Exercise data Block Start

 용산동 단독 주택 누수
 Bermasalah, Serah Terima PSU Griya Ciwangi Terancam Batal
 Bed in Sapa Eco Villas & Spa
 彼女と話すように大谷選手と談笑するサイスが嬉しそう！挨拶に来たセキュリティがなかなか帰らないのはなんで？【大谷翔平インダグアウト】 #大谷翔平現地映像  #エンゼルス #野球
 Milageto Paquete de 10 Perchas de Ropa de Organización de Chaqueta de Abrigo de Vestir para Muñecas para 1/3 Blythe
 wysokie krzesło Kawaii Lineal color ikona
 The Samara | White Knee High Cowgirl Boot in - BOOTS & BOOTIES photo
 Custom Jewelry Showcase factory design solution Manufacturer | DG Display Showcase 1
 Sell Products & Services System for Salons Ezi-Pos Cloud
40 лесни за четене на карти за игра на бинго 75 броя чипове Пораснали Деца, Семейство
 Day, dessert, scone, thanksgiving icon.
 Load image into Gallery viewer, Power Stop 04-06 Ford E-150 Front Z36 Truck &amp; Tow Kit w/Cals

Exercise data Block End
Exercise data Block Start

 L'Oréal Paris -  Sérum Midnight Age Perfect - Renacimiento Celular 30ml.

Exercise data Block End

Set down, unchanged, only those lines above that fall between the line with "용산동 단독 주택 누수" and the line with "Load image into", the two end lines included.

 용산동 단독 주택 누수
 Bermasalah, Serah Terima PSU Griya Ciwangi Terancam Batal
 Bed in Sapa Eco Villas & Spa
 彼女と話すように大谷選手と談笑するサイスが嬉しそう！挨拶に来たセキュリティがなかなか帰らないのはなんで？【大谷翔平インダグアウト】 #大谷翔平現地映像  #エンゼルス #野球
 Milageto Paquete de 10 Perchas de Ropa de Organización de Chaqueta de Abrigo de Vestir para Muñecas para 1/3 Blythe
 wysokie krzesło Kawaii Lineal color ikona
 The Samara | White Knee High Cowgirl Boot in - BOOTS & BOOTIES photo
 Custom Jewelry Showcase factory design solution Manufacturer | DG Display Showcase 1
 Sell Products & Services System for Salons Ezi-Pos Cloud
40 лесни за четене на карти за игра на бинго 75 броя чипове Пораснали Деца, Семейство
 Day, dessert, scone, thanksgiving icon.
 Load image into Gallery viewer, Power Stop 04-06 Ford E-150 Front Z36 Truck &amp; Tow Kit w/Cals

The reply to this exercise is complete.